To prevent a global clash of civilizations, where every culture relativises the rules of coexistence, we need to stand by universalist norms. If the norms currently underpinning the world order, with its Christian and natural law connotations, are no longer acceptable for everyone, an equal dialogue between the civilizations is required to work out which universal principles can be agreed on instead.

The concern is, however, that a reasoned debate about the West’s enlightened self-interest in the preservation of an international order rooted in universally applicable norms is in danger of being drowned out by the din of morally charged culture wars.

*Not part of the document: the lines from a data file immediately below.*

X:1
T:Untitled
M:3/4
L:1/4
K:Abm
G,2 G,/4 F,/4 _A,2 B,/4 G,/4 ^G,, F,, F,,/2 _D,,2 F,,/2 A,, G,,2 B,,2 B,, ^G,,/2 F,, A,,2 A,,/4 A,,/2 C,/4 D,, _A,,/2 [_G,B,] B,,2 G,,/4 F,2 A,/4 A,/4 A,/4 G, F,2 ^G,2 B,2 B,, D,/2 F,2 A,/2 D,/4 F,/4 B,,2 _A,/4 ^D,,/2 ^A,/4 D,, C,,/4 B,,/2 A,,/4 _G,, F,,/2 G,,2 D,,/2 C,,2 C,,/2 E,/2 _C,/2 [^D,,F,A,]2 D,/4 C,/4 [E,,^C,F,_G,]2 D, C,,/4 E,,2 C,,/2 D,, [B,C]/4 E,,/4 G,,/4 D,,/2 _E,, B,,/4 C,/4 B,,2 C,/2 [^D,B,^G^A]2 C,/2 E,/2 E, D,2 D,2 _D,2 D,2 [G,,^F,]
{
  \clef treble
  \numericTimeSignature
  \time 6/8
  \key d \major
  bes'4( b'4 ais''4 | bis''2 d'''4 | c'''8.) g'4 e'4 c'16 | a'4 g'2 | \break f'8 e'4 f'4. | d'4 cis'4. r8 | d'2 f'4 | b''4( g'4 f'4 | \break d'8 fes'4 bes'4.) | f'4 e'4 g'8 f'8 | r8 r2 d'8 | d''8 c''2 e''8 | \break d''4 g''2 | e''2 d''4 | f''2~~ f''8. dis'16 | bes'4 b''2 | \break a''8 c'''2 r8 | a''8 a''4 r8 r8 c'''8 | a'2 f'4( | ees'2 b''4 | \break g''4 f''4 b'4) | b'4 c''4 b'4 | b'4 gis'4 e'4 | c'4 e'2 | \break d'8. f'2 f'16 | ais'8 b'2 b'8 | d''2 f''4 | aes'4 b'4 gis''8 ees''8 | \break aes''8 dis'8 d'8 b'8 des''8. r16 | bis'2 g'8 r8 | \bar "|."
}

Advocates of a concert of the great powers remind us that respect of the superpowers’ exclusive zones of influence prevented the Cold War from escalating into a hot war (for instance during the Cuban Missile Crisis). The price of this relative stability in the imperial centers is, however, never-ending proxy wars on the periphery. The rejection of neo-imperialist concepts of order also feeds off the reluctance of the overwhelming majority of states to kowtow to the dominance of one pole.

Large parts of the Global South – including important voices in China and Eastern Europe – advocate for the renaissance of a Westphalian order of equal and sovereign states. If the West lacks the political will and the power to preserve the liberal order, maintaining peaceful coexistence based on the UN Charter’s principles of equality, sovereignty and territorial integrity of all states, may just be the best of all worse worlds.

Marc Saxer coordinates the regional work of the Friedrich-Ebert-Stiftung (FES) in the Asia Pacific. Previously, he led the FES offices in India and Thailand and headed the FES Asia Pacific department.